The Limits of My Lackness (Or Black Thereof)

When I went to ask myself what great lesson I was learning about the limits of my blackness, I felt a bit guilty. Was I missing out? I would think that if I was "getting it", that I'd notice some discernible change.I was asking myself this - "what have you learned?" - because I didn't feel like I'd had any epiphanies.

Then I realized that the real issue was not my blackness or my relationship to it, but something else. In this show, or rather by doing this show, I define my blackness not by commenting on Stew's story, but by making my own Real. By going through the process of this show and creating, I walk a parallel path to Stew's. (It's not exactly his path. His real is his own and mine is my own.)

It's clear to me  that this show allows him to recreate his world in a way that he can deal with. By creating a microcosm of his life, he's been allowed to skew the trajectory of his life, or maybe to bend the image of it through a different lens. I do the same thing by putting his mantle on. In imbibing this show, we can resonate with some of the same struggles and experiences as him. I am the Youth, as you are the Youth, as he is the Youth. The pilgrim soul is the one reading this blog.


I took a class in college called Autobiography of French Women Writers with Dr. Durbin. The class was in partial fulfillment of my French degree, and it stuck with me. Marguerite Duras, writer in the Nouvelle Vague style, wrote two books that could be described as autobiographies. Their significance to me is that they tell two completely different stories, and that they're both real. The first is concrete and detached, the second is a cinematic ego-stroke. But because it was her own life that she commented on, no one can dare tell her that one is more real than the other. She says that over and over. Even details that conflict must reconcile each other by existing in the same space. And like the second of these books, Passing Strange is the Art that comments on (or reinvents) the life of the creator.

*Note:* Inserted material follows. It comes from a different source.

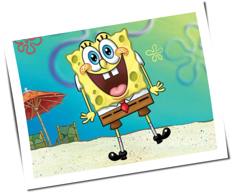 Spongebob Schwammkopf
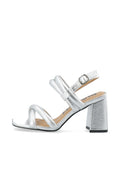 Bianco Strap Sandals BIAJOYCE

The line between fact and fiction is unclear. Stew has already himself admitted that some of the facts don't exist as presented in the show. But that's immaterial. The artist can rewrite his life, and thereby rewrite his own reality.

Believe for a moment, that your reality is not circumstance. It is not the sum of statistics and events. It is instead choice. It is what you choose to leave behind. The artist takes control of her life by choosing to rewrite it, because once you've decided it's true, it is.

The Youth tells Stew not to give up on Art because it is the one thing "that can bring her back." This scene is a recreation of his own conversation with himself; the one where he consciously chooses to be the author of his own life.  But as Scott has already made clear to me, there is a Zen permeating this piece. There is an abandon in the inevitability of it all.

"Don't be sad about your chosen path, and where it's taken you thus far. 'Cuz this is what you did, and that is who you are. And it's alright."

This show is its own Serenity prayer. God grant that I should change what I can, accept what I cannot, and be wise enough to know the difference. Can I get a Amen?

So this all being said, my relationship with my black costars, my relationship to the audience, the content of the show, the black idioms...none of these things define my blackness. More importantly, it is the choice to do this show that has the most effect on my identity. This process is the defining factor. Or one of them, at least. Who knows, maybe I'll write a Passing Strange one day.





1 comment:

  1. What an AWESOME rumination! And Strange-ly enough, I just wrote about some of those same issues on my blog. It's really great sharing this intensely cool experience with you, my friend. You bring so much to the process.